This article will help you get the Tokumx plugin for sd-agent configured and returning metrics
Installing the tokumx plugin package
Install the tokumx plugin on Debian/Ubuntu:
sudo apt-get install sd-agent-tokumx
Install the tokumx plugin on RHEL/CentOS:
sudo yum install sd-agent-tokumx
Read more about agent plugins.
Configuring the agent to monitor TokuMX
1. Connect to the mongo shell and create a read only monitoring user.

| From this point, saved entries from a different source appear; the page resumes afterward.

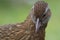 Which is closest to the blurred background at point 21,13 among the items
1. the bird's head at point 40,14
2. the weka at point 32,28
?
the weka at point 32,28

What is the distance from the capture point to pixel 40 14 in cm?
898

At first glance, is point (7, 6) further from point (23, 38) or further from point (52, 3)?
point (23, 38)

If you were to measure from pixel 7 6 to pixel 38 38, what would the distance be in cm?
684

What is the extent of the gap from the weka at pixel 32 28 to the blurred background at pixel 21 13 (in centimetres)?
353

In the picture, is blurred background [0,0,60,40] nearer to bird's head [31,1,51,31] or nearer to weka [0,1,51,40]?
weka [0,1,51,40]

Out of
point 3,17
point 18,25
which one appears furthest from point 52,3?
point 18,25

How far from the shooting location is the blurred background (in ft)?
44.7

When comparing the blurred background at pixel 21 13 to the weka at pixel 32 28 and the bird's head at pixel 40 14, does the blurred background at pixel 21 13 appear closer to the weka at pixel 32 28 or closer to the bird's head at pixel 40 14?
the weka at pixel 32 28

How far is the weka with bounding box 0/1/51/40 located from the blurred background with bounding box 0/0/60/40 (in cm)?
353

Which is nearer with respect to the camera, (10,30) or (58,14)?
(10,30)

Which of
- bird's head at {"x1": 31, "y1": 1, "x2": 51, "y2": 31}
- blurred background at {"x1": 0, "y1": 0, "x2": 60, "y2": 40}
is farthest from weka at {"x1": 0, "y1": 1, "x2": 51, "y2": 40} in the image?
Answer: blurred background at {"x1": 0, "y1": 0, "x2": 60, "y2": 40}

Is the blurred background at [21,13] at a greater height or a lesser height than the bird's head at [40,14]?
greater

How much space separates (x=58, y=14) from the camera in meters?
15.2

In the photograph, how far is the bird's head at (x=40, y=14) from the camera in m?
8.96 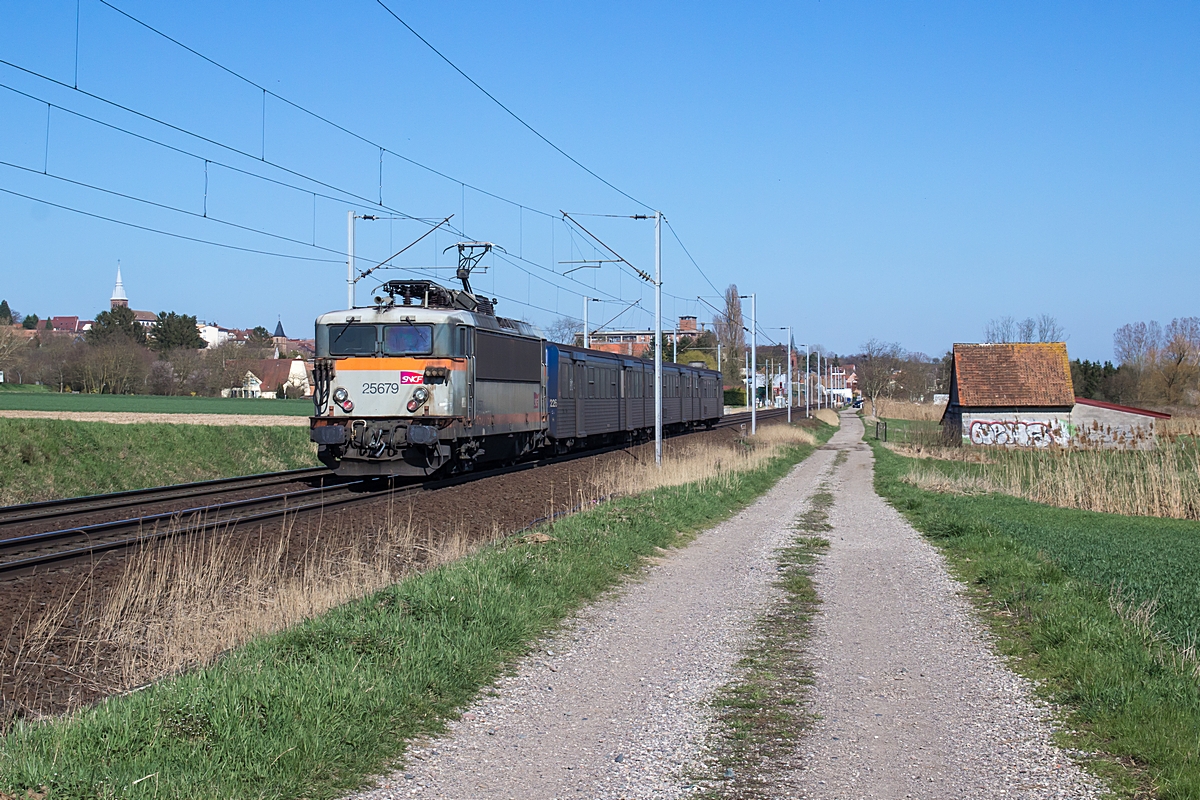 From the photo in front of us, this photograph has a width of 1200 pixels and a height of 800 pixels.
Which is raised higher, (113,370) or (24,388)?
(113,370)

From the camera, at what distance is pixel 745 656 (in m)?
7.94

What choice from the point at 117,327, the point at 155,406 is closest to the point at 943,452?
the point at 155,406

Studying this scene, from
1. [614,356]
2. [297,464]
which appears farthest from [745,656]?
[614,356]

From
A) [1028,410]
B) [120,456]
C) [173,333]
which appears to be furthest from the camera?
[173,333]

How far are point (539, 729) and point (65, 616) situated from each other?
4.56 metres

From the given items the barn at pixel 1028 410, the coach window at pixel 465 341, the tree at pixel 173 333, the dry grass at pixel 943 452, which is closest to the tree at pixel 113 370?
the tree at pixel 173 333

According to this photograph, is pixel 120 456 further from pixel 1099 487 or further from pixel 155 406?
pixel 155 406

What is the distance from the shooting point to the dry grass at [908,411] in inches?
3128

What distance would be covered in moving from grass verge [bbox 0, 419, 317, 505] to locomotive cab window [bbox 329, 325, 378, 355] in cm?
715

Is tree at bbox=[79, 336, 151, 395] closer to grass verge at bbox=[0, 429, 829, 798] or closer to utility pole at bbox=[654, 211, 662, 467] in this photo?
utility pole at bbox=[654, 211, 662, 467]

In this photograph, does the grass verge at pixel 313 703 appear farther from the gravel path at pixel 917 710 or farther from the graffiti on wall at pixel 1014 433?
the graffiti on wall at pixel 1014 433

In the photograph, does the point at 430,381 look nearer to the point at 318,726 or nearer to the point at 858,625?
the point at 858,625

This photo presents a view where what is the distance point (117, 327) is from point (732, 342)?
223ft

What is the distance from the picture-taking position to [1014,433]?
5225cm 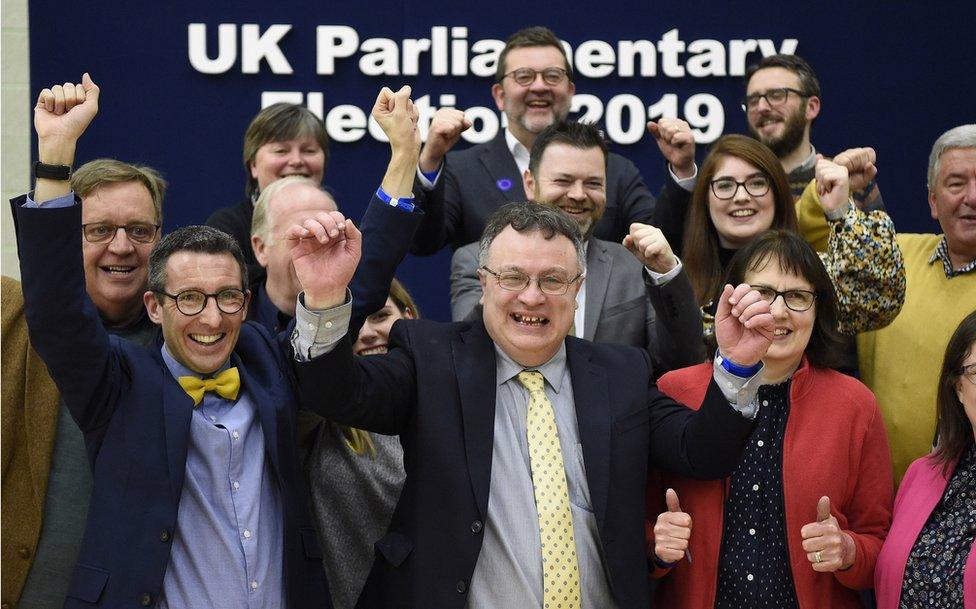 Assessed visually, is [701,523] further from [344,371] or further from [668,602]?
[344,371]

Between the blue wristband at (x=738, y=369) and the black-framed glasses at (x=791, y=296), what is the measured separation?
0.39 metres

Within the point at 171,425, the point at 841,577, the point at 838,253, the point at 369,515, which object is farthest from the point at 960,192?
the point at 171,425

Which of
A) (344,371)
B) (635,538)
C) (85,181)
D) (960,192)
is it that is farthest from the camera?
(960,192)

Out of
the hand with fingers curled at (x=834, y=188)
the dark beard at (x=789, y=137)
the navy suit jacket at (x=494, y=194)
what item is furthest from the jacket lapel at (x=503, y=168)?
the hand with fingers curled at (x=834, y=188)

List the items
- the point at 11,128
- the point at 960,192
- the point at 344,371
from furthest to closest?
the point at 11,128
the point at 960,192
the point at 344,371

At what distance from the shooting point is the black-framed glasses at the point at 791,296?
3.39 m

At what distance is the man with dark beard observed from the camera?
498 cm

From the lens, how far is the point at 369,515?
12.0ft

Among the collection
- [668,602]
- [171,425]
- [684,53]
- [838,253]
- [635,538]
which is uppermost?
[684,53]

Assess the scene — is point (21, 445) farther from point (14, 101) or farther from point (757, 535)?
point (14, 101)

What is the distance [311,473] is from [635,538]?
966mm

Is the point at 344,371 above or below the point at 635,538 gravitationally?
above

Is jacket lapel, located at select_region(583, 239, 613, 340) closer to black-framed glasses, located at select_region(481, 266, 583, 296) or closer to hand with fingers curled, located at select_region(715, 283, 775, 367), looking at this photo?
black-framed glasses, located at select_region(481, 266, 583, 296)

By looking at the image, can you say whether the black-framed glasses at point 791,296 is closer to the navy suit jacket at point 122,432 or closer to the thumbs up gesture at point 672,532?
the thumbs up gesture at point 672,532
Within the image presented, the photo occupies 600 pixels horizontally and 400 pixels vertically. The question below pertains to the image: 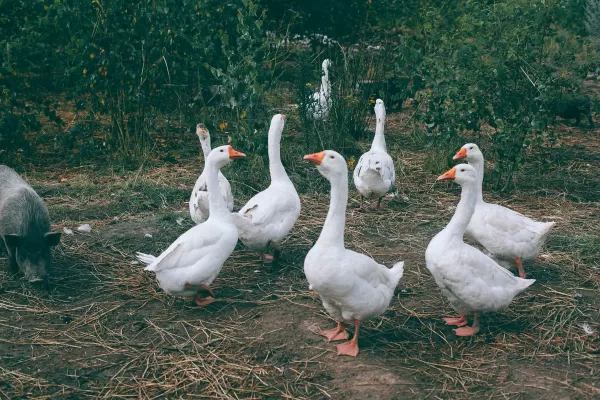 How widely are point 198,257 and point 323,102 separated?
5032 mm

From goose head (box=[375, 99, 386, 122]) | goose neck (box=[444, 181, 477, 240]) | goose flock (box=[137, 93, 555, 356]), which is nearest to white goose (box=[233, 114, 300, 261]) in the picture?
goose flock (box=[137, 93, 555, 356])

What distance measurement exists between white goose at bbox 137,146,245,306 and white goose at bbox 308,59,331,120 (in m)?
3.68

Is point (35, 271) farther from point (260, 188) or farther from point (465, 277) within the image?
point (465, 277)

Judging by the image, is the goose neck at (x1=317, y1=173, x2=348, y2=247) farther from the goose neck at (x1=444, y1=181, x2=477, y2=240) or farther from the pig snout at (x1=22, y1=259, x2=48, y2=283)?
the pig snout at (x1=22, y1=259, x2=48, y2=283)

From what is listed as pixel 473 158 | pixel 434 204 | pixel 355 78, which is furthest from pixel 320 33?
pixel 473 158

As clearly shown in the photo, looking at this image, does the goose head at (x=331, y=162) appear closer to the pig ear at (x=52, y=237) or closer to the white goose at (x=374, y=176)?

Make sure to authenticate before doing so:
mongo
use admin
db.addUser("serverdensity", "supersecurepassword", true)
2. Configure /etc/sd-agent/conf.d/tokumx.yaml
init_config: instances: # Specify the MongoDB URI, with database to use for reporting (defaults to "admin") # E.g. mongodb://localhost:27017/my-db - server: mongodb://localhost:27017 username: serverdensity password: supersecretpassword
- If you run the database server on a non-standard port, you need to declare the path to the sock or want to execute check, amend the rest of the config file as necessary.
- NOTE: It is possible to use a connection string in the server option, such as
mongodb://serverdensity:supersecurepassword@localhost:27016/my-db
. However this is NOT recommended as the server string is automatically used as a tag and this will expose your user and password in the Server Density UI.
3. Restart the agent
sudo /etc/init.d/sd-agent restart
or
sudo systemctl restart sd-agent
Connecting over SSL
We can connect to your TokuMX instances using SSL but it may require some changes to the agent if you are using certificate files.
- If you are not using certificate files
You can just specify ?ssl=true in the connection string e.g. in step 2 of the installation instructions, then specify mongodb://hostname:port/?ssl=true as part of the config.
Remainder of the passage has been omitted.